SULTAN ABDÜLAZİZ

0
6

Babası: Sultan II. Mahmud
Annesi: Pertevniyal Sultan
Doğumu: 8 Şubat 1830
Ölümü: 04 Haziran 1876
Saltanatı: 1861- 1876

Sultan Abdülaziz, İstanbul’da doğdu. Ela gözlü, beyaza yakın kumral tenli, sert bakışlı ve top sakallıydı. Babasının gözetiminde çok iyi bir eğitim aldı ve kendini yetiştirdi. Hocası Akşehir’li Hasan Fehmi Efendi’den Arapça dersleri aldı. Çok iyi Fransızca konuşurdu. Şiire ve müziğe de ilgisi vardı. İyi ney çalardı. İnce duygulu, hassastı. Kendine ait besteleri vardır. Resim yapma kabiliyeti de çok üstün olan Sultan I. Abdülaziz, Osmanlı donanmasına ısmarlayacağı gemilerin planını bizzat kendisi çizmişti. Ok atmayı, ata binmeyi, avlanmayı ve özellikle güreşmeyi çok severdi. İsrafçı bir padişah olarak tanınmasına rağmen, çok sade giyinirdi.
Ağabeyi Sultan I. Abdülmecid’in vefatı üzerine otuz ikinci padişah olarak, 31 yaşında tahta çıktı. Babası öldüğü zaman dokuz yaşlarındaydı. Ancak ağabeyi Sultan I. Abdülmecid, onun eğitimine çok önem verdi. Şehzadeliği sırasında rahat ve korkusuz bir hayat sürdü. Ağabeyi Abdülmecid ile yakın ilişki içinde bulundu ve devlet yapısını, işleyişini yakından gördü. O’nun seyahatlerine de katıldı. Batı müziği yerine Türk müziği dinlemeyi, opera veya tiyatroya gitmektense orta oyununu seyretmeyi kendi kültür değerlerine sahip çıkmayı tercih etti.

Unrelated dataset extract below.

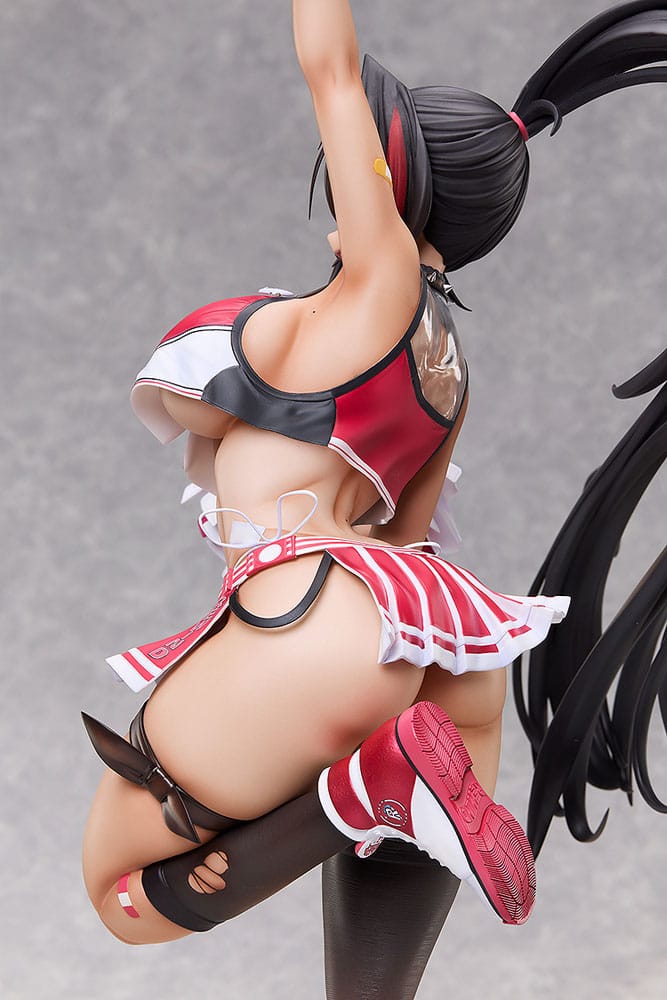 Goddess of Victory: Nikke PVC Statue 1/4 Bay 49 cm Scalefiguren Yokina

Sultan Abdülaziz padişah olduğu dönemde devlet, Avrupalı devletlerin baskısı, Rusya’nın her fırsatı kollayarak amacına ulaşma politikaları uygulaması dönemini yaşıyordu. Bağımsızlığını elde eden Yunanistan da Girid Adası’nı kendine bağlıyacak uygulamaları devreye koymuş, adada çeşitli isyanlar çıkarmayı başarmıştı. İngiltere, özellikle Süveyş kanalının açılmasından sonra, Akdeniz’deki hayati çıkarlarının en önemli noktası olan Mısır’ı elde edecek uygulamalar içindeydi. Sultan Abdülaziz, Mısır’ı ziyaret etti ve devletin gücünü orada hissettirmek istedi. Sultan Abdülaziz, ikinci seyahatini Avrupa’ya yaptı. Paris, Londra, Viyana gibi önemli başkentlerde kaldı, çeşitli temaslarda bulundu.

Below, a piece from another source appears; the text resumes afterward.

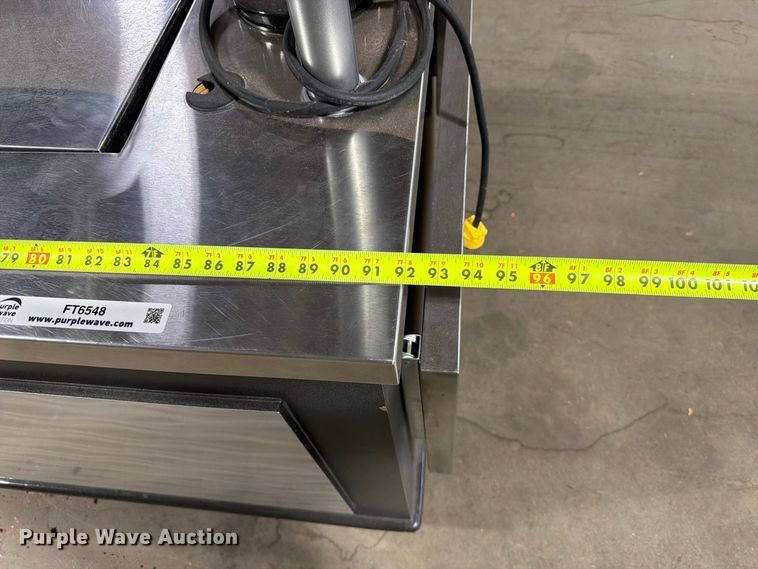 image for item FT6548 Beverage Air DD68-1-B kegerator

Tanzimat’ın ilanı, batılılaşmanın, Avrupa ile daha yakın ilişkiler döneminin de başlangıcı oldu. Avrupa’dan kitaplar getirilip çevrildi, eğitim amacıyla hocalar dışarıya gönderildi ve özellikle askerî eğitim için de oradan hoca getirildi. Devlet idaresinin hukuka bağlı belli kurallar içerisinde yürütülmesine inanan Sultan,. Şuray-ı Devleti kurdu, yabancılara mülk edinme haklarının verilmesi sağladı. Yine bu dönemde eğitim, ortaokul ve liselerin açılması ile yaygın hale getirilmeye çalışıldı. Ülke meselelerinin çözümüne ilişkin, gizli-açık tartışma yapılan bir takım cemiyetler kurulmaya başlandı. “Yeni Osmanlılar” (Jön Türkler) gibi cemiyetler, yurt içinde ve yurt dışında gazete ve mecmualar yayımlayarak fikirlerini yaymaya çalıştılar. Ziya Paşa, Namık Kemal gibi güçlü kalemler de bu dönemde yetişti.